Friday, December 7, 2012

Parenthood and Why Seeing a Cancer Patient Puke is a Breath of Fresh Air

If you haven't been watching this season of Parenthood on NBC Tuesday nights, you're missing out. I first began watching Parenthood because of Dax Shepard. Dax was part of the team on Ashton Kutcher's Punked. Dax was weird, but in a good way. So there I was, switching channels, when I came upon Dax in a new show about a white family.

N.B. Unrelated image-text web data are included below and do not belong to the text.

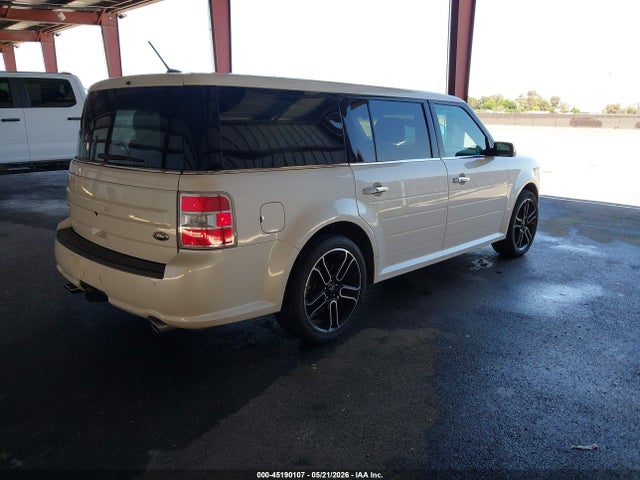 Продажа на аукционе авто 2015 Ford Flex Sel, vin: 2FMGK5C85FBA11960, номер лота: 45190107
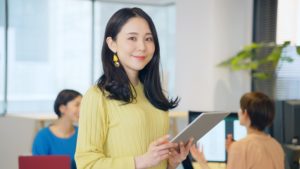 縁のある職場に出会うために大切なスピリチュアル的ポイント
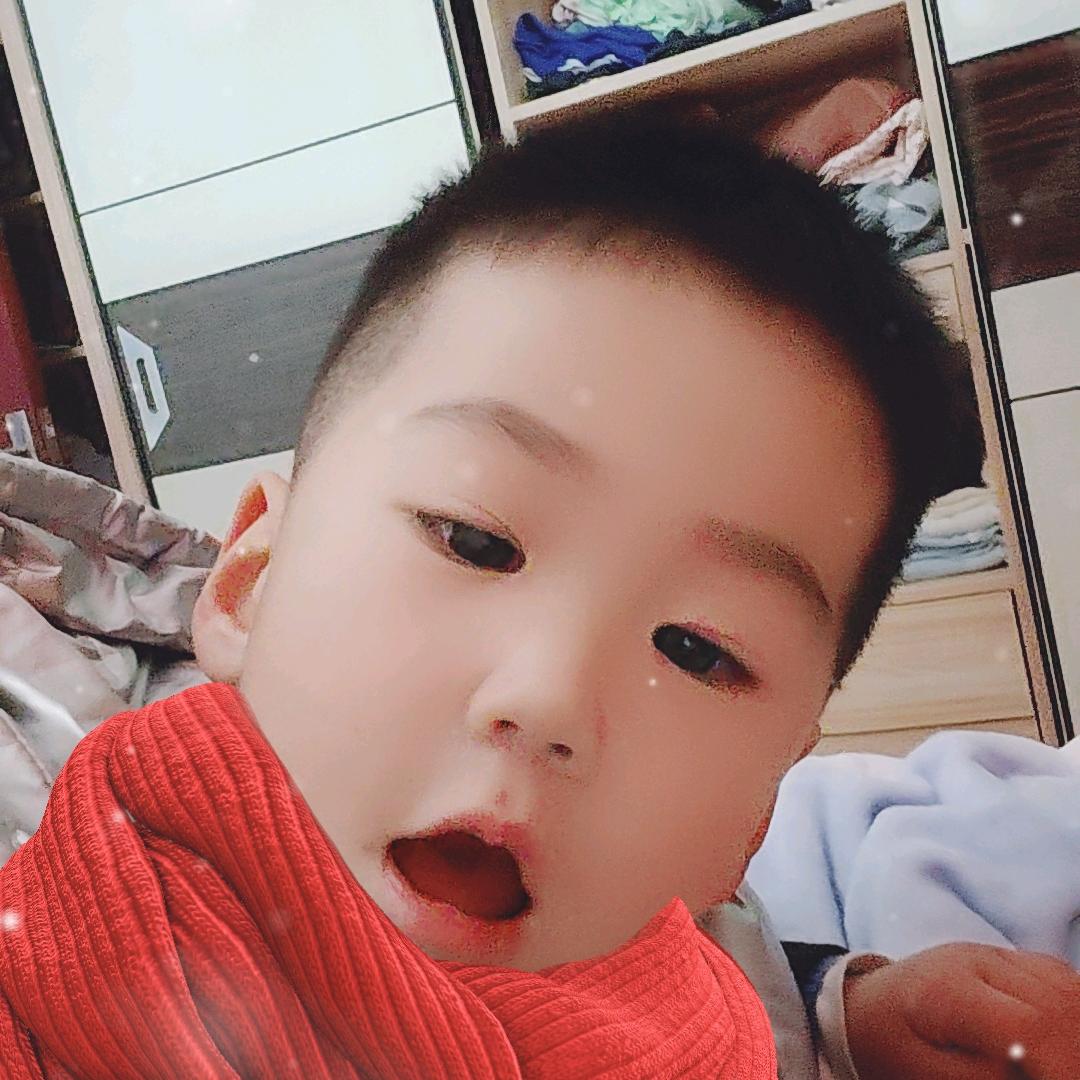 小年。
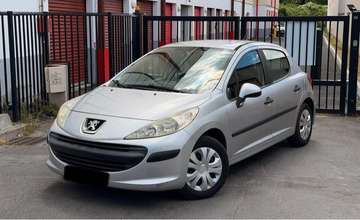 5 portes 1.4 HDi 70CV à 1690 euro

Having grown up on shows about white families such as Little House on the Prairie, Roseanne, Punky Brewster, 7th Heaven, and The Cosby Show (as a kid it didn't occur to me that the Cosbys were African-American, rather they were just another shade of white), I slid right into the Parenthood clan: parents, four siblings plus spouses plus children. Dax plays a ditzy younger brother and I may have yet changed channels except that one) one of Braverman couples have an autistic child (Aspergers) and I was interested in seeing how this character would be played out. Two) Dax has just discovered he's a father of an African-American child. And three) I'm always a sucker for any race relations which Parenthood addresses with a gloss free honesty and integrity, but then this is the way it tackles all topics. This current season, season 4,  Kristina Braverman, mother of three, has breast cancer. Parenthood not only shows a bedraggled woman puking all over the stairs but also a young woman facing her own mortality. Medical marijuana also makes an appearance. A new character, a war veteran, in relating a war tale indicts American foreign policy, but in a fashion which illustrates the emotional costs to the citizens of both countries. I hope Parenthood does not take this character into cliche's path, and given their track record, I don't think they will. For instance another Braverman couple adopts a older South American child out of the foster system. What follows is yet another terse but riveting look at race relations, as well as adoption, albeit with moments of tenderness and levity. Of course the actors are terrific and the direction excellent but, as in everything, it's the writing, the writing, the writing, so thank you writers.  Parenthood is not perfect, few things in life and on TV are, but it is really worth watching.